WORK REQUEST:
Below are some lines of data. Return all of them as they are.

INPUT FOR THIS TASK:
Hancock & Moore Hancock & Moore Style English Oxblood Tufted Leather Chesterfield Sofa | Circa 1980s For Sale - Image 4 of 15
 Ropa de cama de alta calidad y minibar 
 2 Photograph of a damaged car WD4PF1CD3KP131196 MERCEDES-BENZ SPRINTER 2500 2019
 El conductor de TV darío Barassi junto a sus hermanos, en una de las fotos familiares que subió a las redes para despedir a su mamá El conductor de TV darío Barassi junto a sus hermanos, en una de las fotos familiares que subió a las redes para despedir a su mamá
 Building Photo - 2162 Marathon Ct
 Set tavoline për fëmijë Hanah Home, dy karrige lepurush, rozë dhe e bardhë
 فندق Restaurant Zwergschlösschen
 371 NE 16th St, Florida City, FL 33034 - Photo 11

WRITTEN ANSWER:
Hancock & Moore Hancock & Moore Style English Oxblood Tufted Leather Chesterfield Sofa | Circa 1980s For Sale - Image 4 of 15
 Ropa de cama de alta calidad y minibar 
 2 Photograph of a damaged car WD4PF1CD3KP131196 MERCEDES-BENZ SPRINTER 2500 2019
 El conductor de TV darío Barassi junto a sus hermanos, en una de las fotos familiares que subió a las redes para despedir a su mamá El conductor de TV darío Barassi junto a sus hermanos, en una de las fotos familiares que subió a las redes para despedir a su mamá
 Building Photo - 2162 Marathon Ct
 Set tavoline për fëmijë Hanah Home, dy karrige lepurush, rozë dhe e bardhë
 فندق Restaurant Zwergschlösschen
 371 NE 16th St, Florida City, FL 33034 - Photo 11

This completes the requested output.